**EXERCISE**
Copy exactly the lines of the records below, and only those lines, beginning with the line that contains "Bebepan Eşofman Alt Oranj 9-12 Ay" and ending with the line that contains "Hội nghị Thành viên CLB VNCDC 2026".

BEGIN PROVIDED RECORDS

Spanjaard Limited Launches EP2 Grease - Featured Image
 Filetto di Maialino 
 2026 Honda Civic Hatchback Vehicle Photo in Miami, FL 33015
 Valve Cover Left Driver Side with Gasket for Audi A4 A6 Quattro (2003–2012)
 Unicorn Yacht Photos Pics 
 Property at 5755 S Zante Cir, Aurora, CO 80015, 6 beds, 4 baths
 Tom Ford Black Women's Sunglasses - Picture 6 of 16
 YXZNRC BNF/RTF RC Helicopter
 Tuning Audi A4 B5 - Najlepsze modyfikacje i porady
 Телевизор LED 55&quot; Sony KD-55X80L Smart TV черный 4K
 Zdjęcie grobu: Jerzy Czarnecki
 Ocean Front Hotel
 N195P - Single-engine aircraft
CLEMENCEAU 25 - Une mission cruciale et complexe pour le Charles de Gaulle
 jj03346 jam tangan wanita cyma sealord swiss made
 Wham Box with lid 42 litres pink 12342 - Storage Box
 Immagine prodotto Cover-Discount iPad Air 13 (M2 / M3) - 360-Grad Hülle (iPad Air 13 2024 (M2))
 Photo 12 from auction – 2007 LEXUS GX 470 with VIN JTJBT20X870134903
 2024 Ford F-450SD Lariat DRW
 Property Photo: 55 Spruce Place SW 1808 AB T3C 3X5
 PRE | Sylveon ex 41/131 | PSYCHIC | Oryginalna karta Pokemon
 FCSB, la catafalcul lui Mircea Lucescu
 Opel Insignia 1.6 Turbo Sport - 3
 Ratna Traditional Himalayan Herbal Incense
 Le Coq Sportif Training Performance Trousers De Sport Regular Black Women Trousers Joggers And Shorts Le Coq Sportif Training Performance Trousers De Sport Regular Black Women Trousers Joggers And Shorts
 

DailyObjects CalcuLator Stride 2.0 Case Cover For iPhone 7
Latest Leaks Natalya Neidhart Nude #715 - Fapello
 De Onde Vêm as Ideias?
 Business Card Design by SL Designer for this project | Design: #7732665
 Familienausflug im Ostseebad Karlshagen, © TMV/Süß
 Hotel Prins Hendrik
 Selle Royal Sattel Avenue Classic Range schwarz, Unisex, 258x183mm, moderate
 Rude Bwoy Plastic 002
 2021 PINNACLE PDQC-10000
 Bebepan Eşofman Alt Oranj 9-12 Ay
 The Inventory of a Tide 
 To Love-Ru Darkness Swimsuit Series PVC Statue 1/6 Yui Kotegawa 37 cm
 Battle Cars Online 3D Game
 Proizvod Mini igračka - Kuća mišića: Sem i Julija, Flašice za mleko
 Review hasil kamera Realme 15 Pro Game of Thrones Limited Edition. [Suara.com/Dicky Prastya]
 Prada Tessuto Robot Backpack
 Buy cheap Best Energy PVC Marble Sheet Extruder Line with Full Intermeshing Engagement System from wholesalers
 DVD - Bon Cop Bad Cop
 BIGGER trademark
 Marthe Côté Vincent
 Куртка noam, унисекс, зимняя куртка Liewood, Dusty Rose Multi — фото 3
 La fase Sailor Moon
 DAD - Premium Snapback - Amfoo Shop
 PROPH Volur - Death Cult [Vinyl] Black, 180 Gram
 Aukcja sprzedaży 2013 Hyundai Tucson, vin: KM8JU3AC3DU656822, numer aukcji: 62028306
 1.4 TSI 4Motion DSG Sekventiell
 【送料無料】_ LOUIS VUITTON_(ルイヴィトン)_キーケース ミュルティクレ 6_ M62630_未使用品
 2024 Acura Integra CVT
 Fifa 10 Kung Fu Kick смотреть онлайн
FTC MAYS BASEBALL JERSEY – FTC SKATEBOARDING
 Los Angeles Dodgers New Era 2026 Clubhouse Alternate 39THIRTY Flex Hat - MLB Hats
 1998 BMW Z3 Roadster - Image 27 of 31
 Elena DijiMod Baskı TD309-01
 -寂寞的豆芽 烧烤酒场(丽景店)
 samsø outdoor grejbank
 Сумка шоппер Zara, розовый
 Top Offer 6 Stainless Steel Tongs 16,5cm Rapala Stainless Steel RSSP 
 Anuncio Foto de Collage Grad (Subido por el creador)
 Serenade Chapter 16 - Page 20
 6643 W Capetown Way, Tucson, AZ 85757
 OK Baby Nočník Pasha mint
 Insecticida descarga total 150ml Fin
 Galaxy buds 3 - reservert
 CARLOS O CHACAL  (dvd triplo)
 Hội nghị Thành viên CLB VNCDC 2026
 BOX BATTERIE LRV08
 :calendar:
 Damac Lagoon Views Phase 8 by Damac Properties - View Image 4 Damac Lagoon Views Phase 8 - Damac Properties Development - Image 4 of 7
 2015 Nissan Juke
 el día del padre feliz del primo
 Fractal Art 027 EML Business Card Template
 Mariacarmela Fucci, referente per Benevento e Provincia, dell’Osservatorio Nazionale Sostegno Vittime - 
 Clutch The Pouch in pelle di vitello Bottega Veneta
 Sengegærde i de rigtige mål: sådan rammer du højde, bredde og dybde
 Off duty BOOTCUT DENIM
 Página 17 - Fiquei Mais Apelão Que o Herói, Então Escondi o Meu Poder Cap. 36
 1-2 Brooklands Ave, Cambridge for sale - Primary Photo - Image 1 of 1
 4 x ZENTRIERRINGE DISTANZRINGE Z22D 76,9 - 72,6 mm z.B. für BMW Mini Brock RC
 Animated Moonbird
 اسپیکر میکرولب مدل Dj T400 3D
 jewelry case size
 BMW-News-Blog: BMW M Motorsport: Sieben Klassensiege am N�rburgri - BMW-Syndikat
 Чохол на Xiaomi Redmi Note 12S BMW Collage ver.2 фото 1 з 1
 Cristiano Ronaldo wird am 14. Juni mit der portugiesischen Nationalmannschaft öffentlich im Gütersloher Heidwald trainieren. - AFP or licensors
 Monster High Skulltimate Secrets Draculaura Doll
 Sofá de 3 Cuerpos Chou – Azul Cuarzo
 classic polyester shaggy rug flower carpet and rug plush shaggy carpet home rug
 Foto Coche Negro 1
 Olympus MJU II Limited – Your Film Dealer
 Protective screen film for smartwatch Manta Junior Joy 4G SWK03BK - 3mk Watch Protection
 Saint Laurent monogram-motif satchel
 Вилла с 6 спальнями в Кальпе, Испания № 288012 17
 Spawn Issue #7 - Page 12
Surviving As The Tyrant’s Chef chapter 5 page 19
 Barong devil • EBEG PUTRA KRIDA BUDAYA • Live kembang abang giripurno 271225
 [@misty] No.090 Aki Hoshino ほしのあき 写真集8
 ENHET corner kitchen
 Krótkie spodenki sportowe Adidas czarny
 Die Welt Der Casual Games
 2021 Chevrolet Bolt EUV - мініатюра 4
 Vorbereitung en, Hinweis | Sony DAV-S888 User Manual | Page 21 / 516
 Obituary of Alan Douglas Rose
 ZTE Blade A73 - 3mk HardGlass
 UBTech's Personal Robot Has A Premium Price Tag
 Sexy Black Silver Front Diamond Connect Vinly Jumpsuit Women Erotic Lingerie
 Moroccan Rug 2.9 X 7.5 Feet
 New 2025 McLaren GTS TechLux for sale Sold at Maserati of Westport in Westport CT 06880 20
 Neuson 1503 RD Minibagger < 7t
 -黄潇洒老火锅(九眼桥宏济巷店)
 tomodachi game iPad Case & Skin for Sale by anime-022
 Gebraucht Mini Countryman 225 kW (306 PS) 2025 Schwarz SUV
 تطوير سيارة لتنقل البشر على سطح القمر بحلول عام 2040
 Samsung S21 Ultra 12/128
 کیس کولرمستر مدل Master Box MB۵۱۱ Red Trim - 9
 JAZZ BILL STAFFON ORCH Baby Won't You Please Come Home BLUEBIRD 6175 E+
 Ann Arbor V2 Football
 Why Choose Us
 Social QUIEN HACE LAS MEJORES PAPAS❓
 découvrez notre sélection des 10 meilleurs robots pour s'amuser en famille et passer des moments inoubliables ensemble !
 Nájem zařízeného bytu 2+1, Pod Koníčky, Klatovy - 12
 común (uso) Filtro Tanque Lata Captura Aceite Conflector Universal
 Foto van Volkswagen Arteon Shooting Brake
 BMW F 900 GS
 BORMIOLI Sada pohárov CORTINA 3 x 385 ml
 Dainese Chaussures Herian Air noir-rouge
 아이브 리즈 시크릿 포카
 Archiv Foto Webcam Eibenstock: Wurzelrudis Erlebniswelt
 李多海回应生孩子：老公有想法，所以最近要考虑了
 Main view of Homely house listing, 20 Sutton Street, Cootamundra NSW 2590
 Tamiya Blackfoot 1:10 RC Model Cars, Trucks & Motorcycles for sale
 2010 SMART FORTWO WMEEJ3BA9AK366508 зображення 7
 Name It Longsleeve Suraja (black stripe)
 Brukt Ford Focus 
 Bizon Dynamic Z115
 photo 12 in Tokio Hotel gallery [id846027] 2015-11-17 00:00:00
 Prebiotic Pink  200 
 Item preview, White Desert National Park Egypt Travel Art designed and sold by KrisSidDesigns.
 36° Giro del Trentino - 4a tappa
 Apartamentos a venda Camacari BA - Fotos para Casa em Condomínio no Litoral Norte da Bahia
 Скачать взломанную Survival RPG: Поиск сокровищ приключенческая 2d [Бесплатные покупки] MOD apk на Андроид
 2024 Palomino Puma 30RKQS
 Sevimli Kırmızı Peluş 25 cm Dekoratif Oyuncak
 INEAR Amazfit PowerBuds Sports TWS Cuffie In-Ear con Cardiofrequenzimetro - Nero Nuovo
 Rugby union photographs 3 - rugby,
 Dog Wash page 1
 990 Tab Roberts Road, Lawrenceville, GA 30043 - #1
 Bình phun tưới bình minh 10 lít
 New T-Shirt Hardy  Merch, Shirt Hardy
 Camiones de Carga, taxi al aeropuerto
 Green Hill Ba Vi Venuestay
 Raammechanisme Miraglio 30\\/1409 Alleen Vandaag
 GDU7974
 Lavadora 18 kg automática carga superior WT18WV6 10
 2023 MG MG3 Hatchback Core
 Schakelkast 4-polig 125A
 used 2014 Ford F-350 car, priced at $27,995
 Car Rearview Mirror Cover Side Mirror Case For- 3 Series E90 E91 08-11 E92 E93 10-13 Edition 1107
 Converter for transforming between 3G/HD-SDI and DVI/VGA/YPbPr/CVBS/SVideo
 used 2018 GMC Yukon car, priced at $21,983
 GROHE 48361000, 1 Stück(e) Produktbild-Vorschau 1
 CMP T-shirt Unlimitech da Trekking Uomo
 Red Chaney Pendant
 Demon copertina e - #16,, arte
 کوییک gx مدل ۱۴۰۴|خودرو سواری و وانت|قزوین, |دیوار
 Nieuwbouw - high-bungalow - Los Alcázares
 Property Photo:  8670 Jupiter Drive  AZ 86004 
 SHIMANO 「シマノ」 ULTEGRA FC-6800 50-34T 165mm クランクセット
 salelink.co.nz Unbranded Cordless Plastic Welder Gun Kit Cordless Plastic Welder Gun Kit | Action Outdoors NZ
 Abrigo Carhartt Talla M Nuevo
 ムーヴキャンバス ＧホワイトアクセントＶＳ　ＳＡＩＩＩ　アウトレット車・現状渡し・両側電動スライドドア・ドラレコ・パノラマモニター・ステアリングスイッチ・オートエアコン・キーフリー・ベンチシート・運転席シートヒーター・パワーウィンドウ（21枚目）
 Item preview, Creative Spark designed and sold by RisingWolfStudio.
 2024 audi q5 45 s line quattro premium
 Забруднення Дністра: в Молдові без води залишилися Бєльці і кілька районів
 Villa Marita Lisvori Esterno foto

END PROVIDED RECORDS

**RESULT OF THE TASK**
 Bebepan Eşofman Alt Oranj 9-12 Ay
 The Inventory of a Tide 
 To Love-Ru Darkness Swimsuit Series PVC Statue 1/6 Yui Kotegawa 37 cm
 Battle Cars Online 3D Game
 Proizvod Mini igračka - Kuća mišića: Sem i Julija, Flašice za mleko
 Review hasil kamera Realme 15 Pro Game of Thrones Limited Edition. [Suara.com/Dicky Prastya]
 Prada Tessuto Robot Backpack
 Buy cheap Best Energy PVC Marble Sheet Extruder Line with Full Intermeshing Engagement System from wholesalers
 DVD - Bon Cop Bad Cop
 BIGGER trademark
 Marthe Côté Vincent
 Куртка noam, унисекс, зимняя куртка Liewood, Dusty Rose Multi — фото 3
 La fase Sailor Moon
 DAD - Premium Snapback - Amfoo Shop
 PROPH Volur - Death Cult [Vinyl] Black, 180 Gram
 Aukcja sprzedaży 2013 Hyundai Tucson, vin: KM8JU3AC3DU656822, numer aukcji: 62028306
 1.4 TSI 4Motion DSG Sekventiell
 【送料無料】_ LOUIS VUITTON_(ルイヴィトン)_キーケース ミュルティクレ 6_ M62630_未使用品
 2024 Acura Integra CVT
 Fifa 10 Kung Fu Kick смотреть онлайн
FTC MAYS BASEBALL JERSEY – FTC SKATEBOARDING
 Los Angeles Dodgers New Era 2026 Clubhouse Alternate 39THIRTY Flex Hat - MLB Hats
 1998 BMW Z3 Roadster - Image 27 of 31
 Elena DijiMod Baskı TD309-01
 -寂寞的豆芽 烧烤酒场(丽景店)
 samsø outdoor grejbank
 Сумка шоппер Zara, розовый
 Top Offer 6 Stainless Steel Tongs 16,5cm Rapala Stainless Steel RSSP 
 Anuncio Foto de Collage Grad (Subido por el creador)
 Serenade Chapter 16 - Page 20
 6643 W Capetown Way, Tucson, AZ 85757
 OK Baby Nočník Pasha mint
 Insecticida descarga total 150ml Fin
 Galaxy buds 3 - reservert
 CARLOS O CHACAL  (dvd triplo)
 Hội nghị Thành viên CLB VNCDC 2026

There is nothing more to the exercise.